##### Data extract
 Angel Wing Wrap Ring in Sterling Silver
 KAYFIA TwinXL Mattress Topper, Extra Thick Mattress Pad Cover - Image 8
##########
##### Data extract
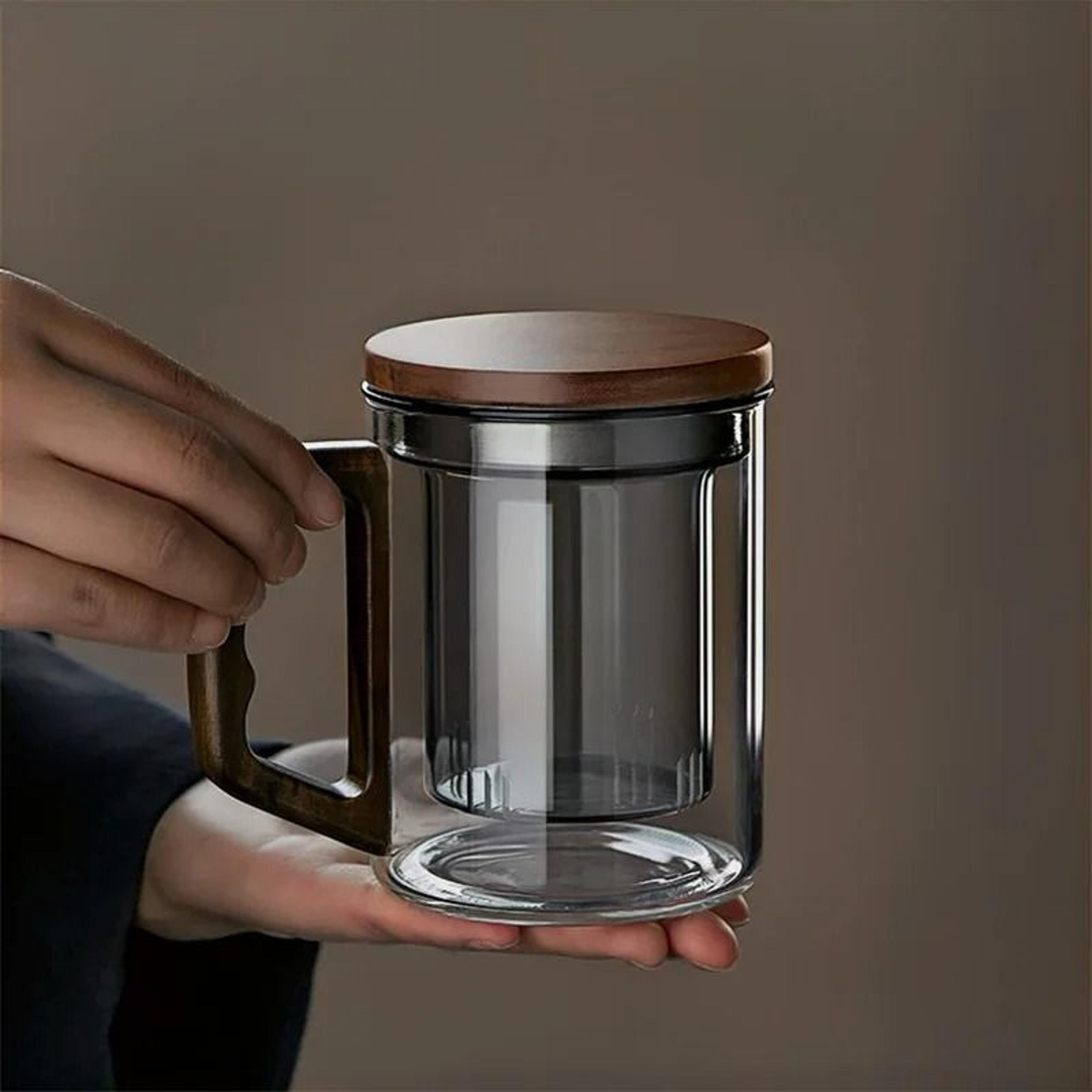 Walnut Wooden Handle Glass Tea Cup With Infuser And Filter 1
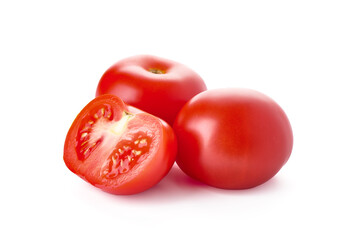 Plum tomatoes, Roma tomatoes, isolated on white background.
##########
• _Task details_
Out of the entries above, write out only the lines between the line holding "Angel Wing Wrap Ring in Sterling Silver" and the line holding "KAYFIA TwinXL Mattress", inclusive, each exactly as given.

• _Answer_
 Angel Wing Wrap Ring in Sterling Silver
 KAYFIA TwinXL Mattress Topper, Extra Thick Mattress Pad Cover - Image 8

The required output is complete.